Sebanyak 65% insiden Shadow AI mengakibatkan kebocoran Informasi Identitas Pribadi (PII) pelanggan, seperti nomor identitas pajak, email, dan alamat rumah. Selain itu, 40% insiden juga menyebabkan kebocoran kekayaan intelektual (Intellectual Property) perusahaan.
Hal ini terjadi karena satu sistem AI yang tidak terpantau dapat menyebabkan paparan data yang luas yang sering kali tersebar di berbagai lingkungan penyimpanan.
Meningkatnya biaya ini diperparah oleh kurangnya kesiapan perusahaan. Laporan tersebut menemukan bahwa 63% organisasi yang mengalami pelanggaran data tidak memiliki kebijakan tata kelola untuk mengelola penggunaan AI atau mendeteksi Shadow AI.
Lebih mengkhawatirkan lagi, 97% pelanggaran keamanan terkait AI terjadi pada sistem yang tidak memiliki kontrol akses yang memadai. Tanpa aturan main yang jelas, karyawan terus memasukkan data sensitif ke dalam platform AI publik yang tidak aman, menciptakan "blind spot" atau titik buta bagi tim keamanan.

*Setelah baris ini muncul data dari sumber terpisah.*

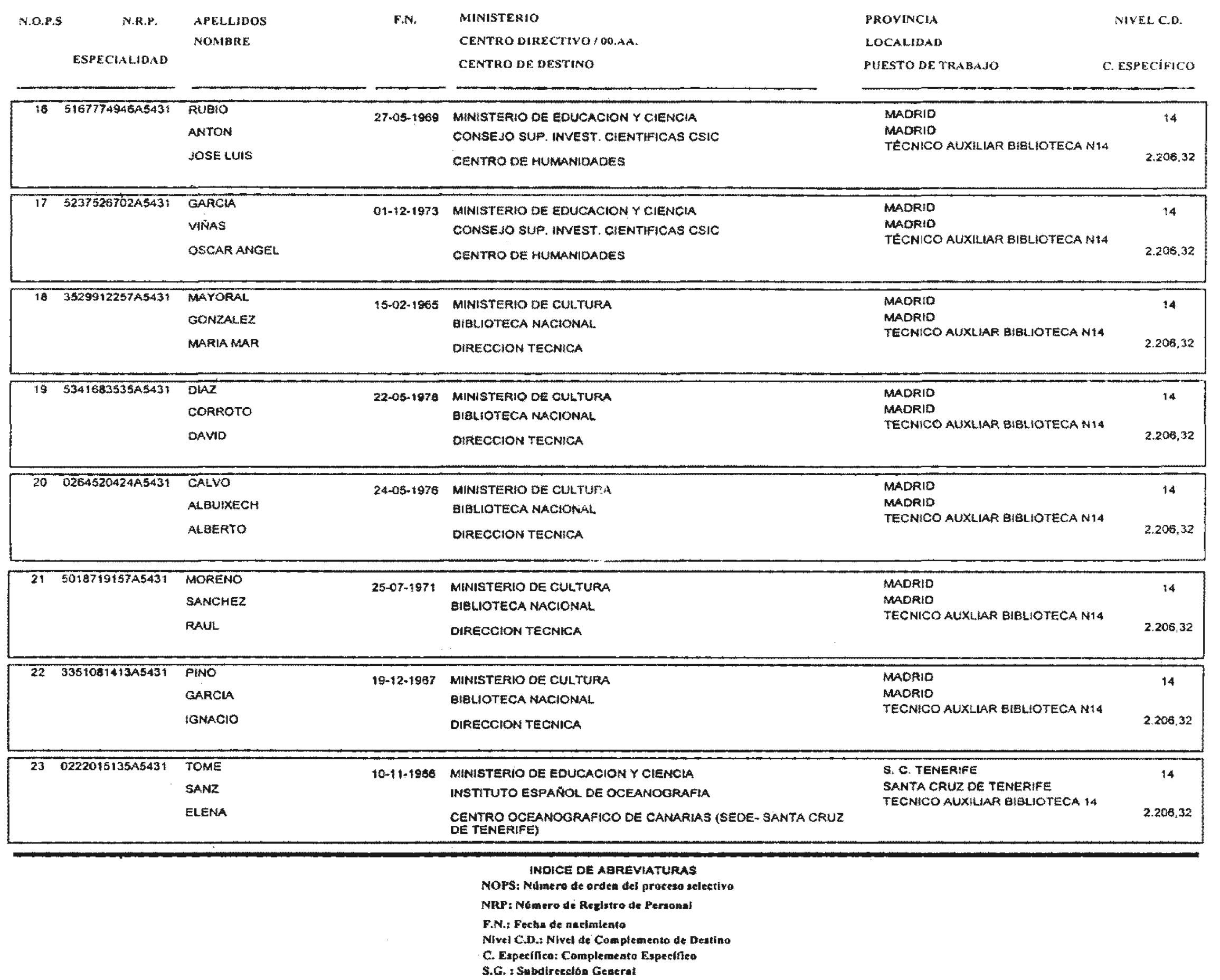 Imagen: /datos/imagenes/disp/2004/133/10204_16603003_image2.png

Selain biaya yang membengkak, Shadow AI juga memperlambat kerja tim keamanan. Insiden yang melibatkan Shadow AI membutuhkan waktu identifikasi dan pembendungan yang lebih lama—rata-rata sekitar satu minggu lebih lambat dibandingkan rata-rata global. Keterlambatan ini berkontribusi langsung pada membengkaknya total kerugian finansial yang harus ditanggung perusahaan.
Temuan ini menjadi sinyal keras bagi para pemimpin bisnis. Melarang penggunaan AI sepenuhnya mungkin bukan solusi efektif di era digital. Sebaliknya, perusahaan didorong untuk segera menutup celah tata kelola, menetapkan kebijakan penggunaan AI yang aman, dan memfasilitasi karyawan dengan alat AI resmi yang diawasi (sanctioned AI) agar produktivitas tidak harus dibayar mahal dengan keamanan data.